Echocardiography was performed on a series of patients using Clear Vae 550, Philips (Finland) and IDAN iM8 (Xt). The circulatory efficiency coefficient [CEC], which indicates the ratio of the pumping function of the heart to the total blood volume in circulation, was determined by the following formula:

QASK = YUDH/AYUQH minute -1.

Individual monitoring, including ECG, pulse oximetry, non-invasive arterial pressure measurement, capnometry, and body temperature measurement, was performed on the equipment “SCHILLIR ARGUS LCM plus” (Switzerland) and EDAN iM8 (China).

3. Technical Means and Methods of Processing Research Results

The results obtained in the study were processed on an IBM/PC computer using the basic package “Microsoft office 2010”. Methods for obtaining average values and mean square errors were used. General recommendations for medical and biological research were followed. The reliability of differences was assessed by calculating the Student's parametric test [t-distribution]. Differences between values were considered reliable when p <0.05 [t>2].

Analysis of the data obtained showed that one of the leading systems sensitive to metabolic changes in organs and tissues in patients with hyperglycemic ketoacidosis coma is the cardiovascular system.

The SAPS II scale allowed to classify patients and assess the probable prognosis of the disease. In this case, the higher the score, the higher the risk of developing a negative outcome. Subgroups with zero [up to 40 points] and 100% mortality [> 160 points] were excluded from the analysis. As a result, after randomization according to the results of the assessment on the SAPS II scale, 4 subgroups with a score rating from 60 to 160 points were formed [which, in turn, allowed to optimize the choice of the infusion therapy plan:

1) the first subgroup [n=25] included patients in a state of hyperglycemic ketoacidotic coma [40-70 points on the SAPS II], the severity of their condition was mainly associated with acute endotoxicosis and water-electrolyte imbalance.
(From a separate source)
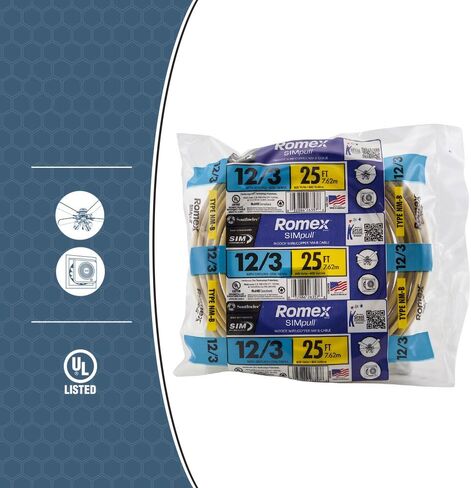 Southwire Romex Brand Simpull Solid Indoor 12/3 W / G كابل NMB ملف 25 قدم - SW # 63947621 in Saudi Arabia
In this case, the total circulating blood volume deficit was 25 ml/kg, which corresponded to stage I [moderate cellular dehydration] of the development of hyperglycemic ketoacidotic coma;

2) the severity of the condition of patients in the second subgroup [n=36] with hyperglycemic ketoacidotic coma [71-100 points according to SAPS II], as in the first subgroup, was associated with acute endotoxemia and water-electrolyte imbalance. However, the total circulating blood volume deficit was 30 ml/kg, which corresponded to stage II [pronounced cellular dehydration] of the development of hyperglycemic ketoacidotic coma;

3) in the third subgroup [n=29] [101-130 points according to SAPS II], the severity of the disease was accompanied by the onset of chronic inflammatory processes, which further aggravated the total circulating blood volume deficit [35 ml/kg], which corresponded to stage III [associated dehydration] of the development of hyperglycemic ketoacidotic coma;

4) in the fourth subgroup [n=16] [131-160 points on SAPS II], the severity of the condition was assessed in combination with decompensation of concomitant cardiovascular diseases. The volume fraction of blood in the general circulation corresponded to the stage II [pronounced cellular dehydration] of the development of hyperglycemic ketoacidotic coma and was on average 27 ml/kg. Taking this into account, the SAPS II scale turned out to be optimal for the formation and analysis of groups of patients, and not for individual patients, but only for the assessment of the severity of the general condition of patients.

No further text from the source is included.